Dynamic load is the harder problem. Truck vibration adds cyclical stress. Mobile equipment adds shock spikes on every bump. A toggle latch handles dynamic load better than a butterfly latch because the over-center locking mechanism can’t vibrate open. Draw latches handle dynamic load well too, but the hook-and-catch design has more flex under shock.
According to ASTM D4169 (standard practice for performance testing of shipping containers), a case that sits fine in the warehouse can see forces 3–5× the static weight during shipping. That’s why butterfly latches don’t belong on transit cases—the claw isn’t a positive lock, and it flexes under cyclical loading. The iron bracket on a butterfly latch like the 6306-85-FE-ZL is designed for static clamping on a wooden lid, not repeated shock.
Load Range by Latch Type
| Part Number | Latch Type | Size | Best Load Range |
|---|---|---|---|
| 6306-85-FE-ZL | Butterfly | 85mm | Light — wooden case lids |
| 5104-57-S01-ZG | Mini toggle | 57mm | Light — small boxes |
| 5103-63K-S04-ZG | Compact toggle (keyed) | 63mm | Light-medium — electrical enclosures |
| 5101-96-S04-ZG | Toggle (vibratory) | 96mm | Medium-heavy — industrial cases |
| 5403-83-FE-CL | Draw | 83mm | Medium-heavy — wooden freight |
| 5808-128S-S04-ZG | Draw (vibratory) | 128mm | Heavy — iron transport |
| 5063-146-PVC-BK | Adjustable toggle | 146mm | Adjustable — outdoor/rotomolded |
Application ranges per manufacturer catalog data. Load rating varies by material and specification; contact manufacturer for rated values.
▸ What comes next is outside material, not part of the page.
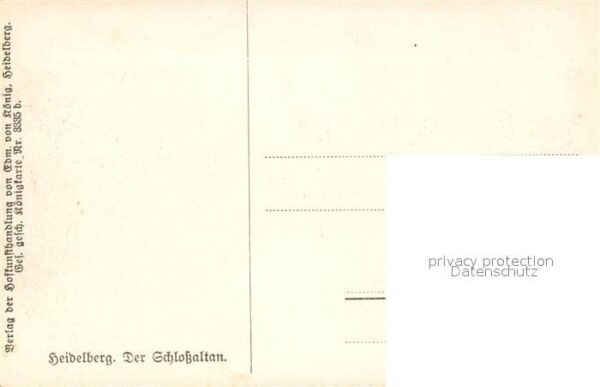 Heidelberg Neckar Der Schlossaltan – Bild 2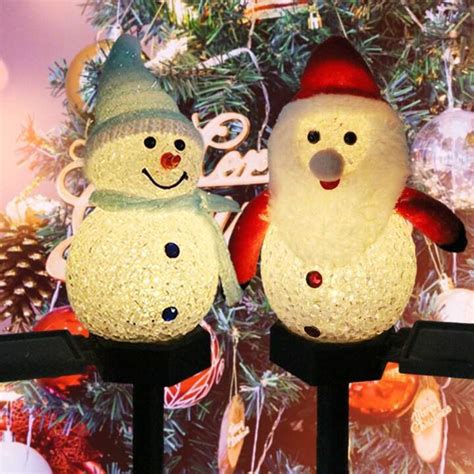 Waterproof Solar Snowman Lamp – Chyhua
Bottom line: butterfly latches are for light static loads. If your case ships, use a toggle or draw latch.
Q2: What’s the Environment?
Environment determines material and finish. The finish code on the drawing—ZL, CR, ZG, LG—tells you exactly how many salt-spray hours the hardware can deliver. Match the code to the environment and the decision makes itself.
ASTM B117 is the standard neutral salt spray test used across the hardware industry. The hours-to-failure number it produces isn’t a direct predictor of service life—real-world conditions vary too much—but it’s the only apples-to-apples comparison available. A 72h rating vs. a 500h rating is a meaningful gap regardless of climate.
- Tier 1 — Indoor dry. Climate-controlled warehouses, server rooms, office storage. Zinc-plated iron (FE-ZL) works. Salt spray rating: 72h per ASTM B117. Plenty for an environment that never sees moisture.
- Tier 2 — Indoor humid / light outdoor. Unheated warehouses, covered outdoor storage. Chrome-plated iron (FE-CR) gives you 72–200h per ASTM B117. Or SUS201 (S01) for better inherent corrosion resistance at a modest cost step.
- Tier 3 — Outdoor / coastal. Truck beds, dockside storage, any location within 5 km of saltwater. SUS304 with vibratory finish (S04-ZG) is the minimum. Salt spray rating: 500+ hours per ASTM B117.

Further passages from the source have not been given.